## WORK ITEM:
Take the records below and extract, word for word, the lines from the one containing "Earth Animal No" through the final line, inclusive. Omit pictures.
##### DATA SUPPLIED #####
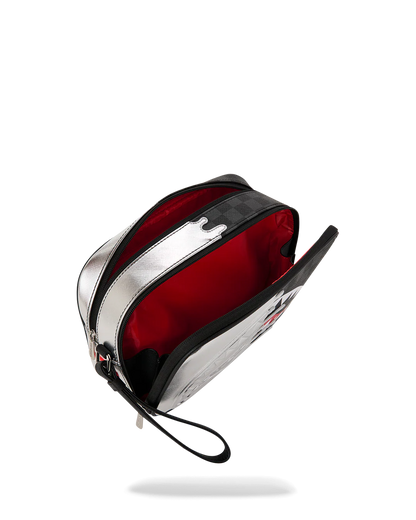 NECESER SPRAYGROUND SILVER SIDE DRIP BLACK CHECK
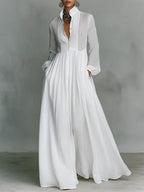 Aria | Stylish Stand Collar Button Maxi Dress 1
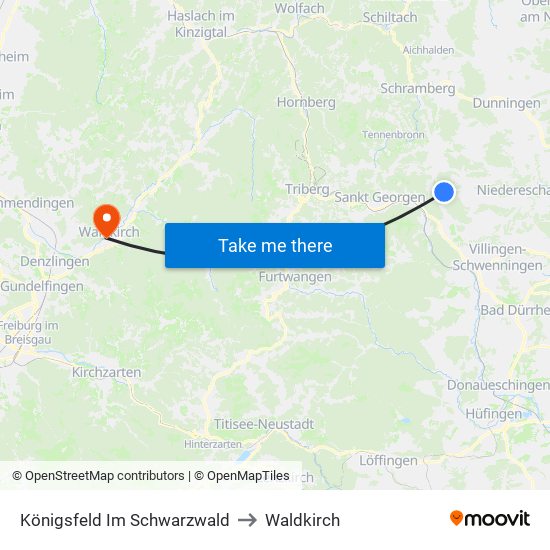 Königsfeld Im Schwarzwald to Waldkirch map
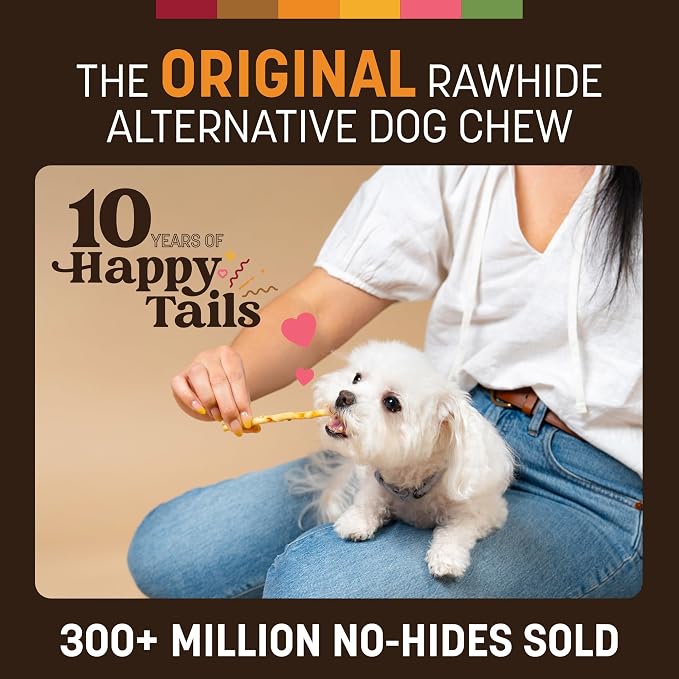Earth Animal No Hide Stix - Long Lasting Rawhide Free Small Dog Chews Sticks, Chicken - 30 Count
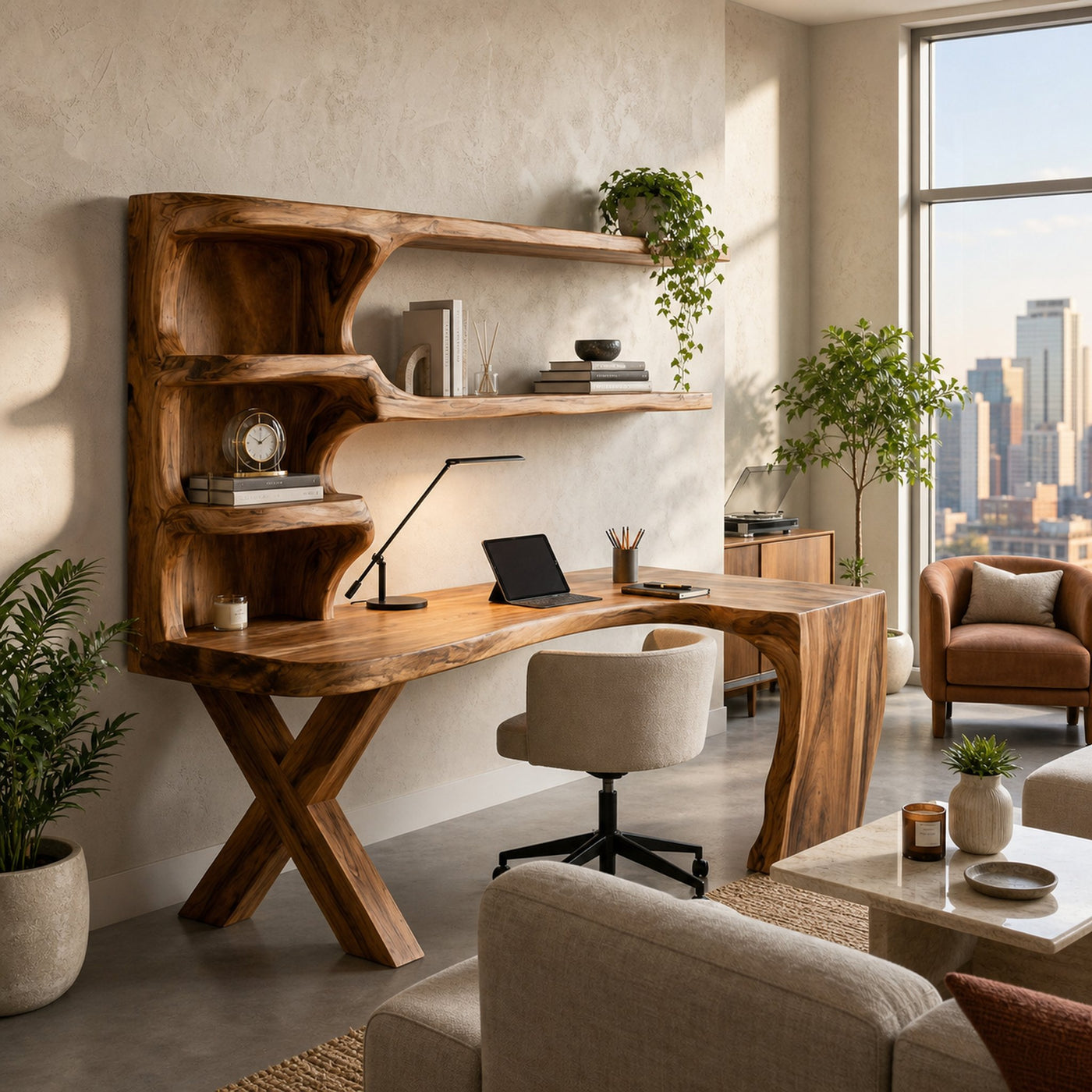 Contemporary Wood Desk With Curved Bookshelves For Home Office - product view 6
#####
## SOLUTION TO THIS TASK:
Earth Animal No Hide Stix - Long Lasting Rawhide Free Small Dog Chews Sticks, Chicken - 30 Count
 Contemporary Wood Desk With Curved Bookshelves For Home Office - product view 6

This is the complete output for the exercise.